Monday, July 12, 2021

Invisible Men: The Trailblazing Black Artists of Comic Books by Ken Quattro

(Yoe books, 2020) Quattro is doing God's work with this book, exhaustively researching the lives of mostly very obscure artists from the golden age of comics, an era in a field where there was little respect or documentation for even the bigger artists, and these ain't the bigger artists. Telling the tales of the Black men (dudes only this go 'round) who toiled at the bottom of the ladder of an industry where the ladder only went up the 2nd rung is fascinating, and the elbow grease to find out anything about these cats (even that they existed) is impressive. The exception to the obscurity is Matt Baker, who while the general readership did not know his race, was a successful artist due to the amazing sexiness of his Phantom Lady, which was as close to onlyfans as youngsters got those days.

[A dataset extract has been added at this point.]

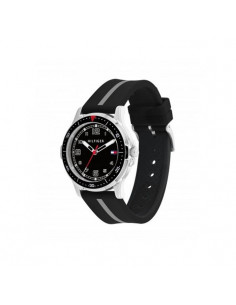 Reloj Tommy Hilfiger Boys... 2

Also relatively well known is the team behind 1947's short-lived All Negro Comics, which might have lasted longer than the few seconds if it did not face the sadly inevitable discrimination (they could not get paper to print issue two). Invisible Men features the stories of figures whose comics careers could have been lost to history, like Alvin Carl Hollingsworth who did a few great horror comics in the early 50s before becoming a magnificent illustrator in the late 50s through the 70s. Calvin Massey also had a revered art career, but only after having toiled in the pages of 4th rate horror  comics in the 1950s.  Alfonso Greene, who went to school with Alex Toth and did some nice work before getting arrested in an armed gang kidnapping something or another, would likely be lost if not for this fine tome. The best part of the book is that full stories are reprinted by each artist, and while few actually feature Black characters (there is a Lena Horne biographical comic, and Baker's Voodah was a brown skinned Tarzan for a little while, til they started coloring him lighter) all feature spectacular Black talent.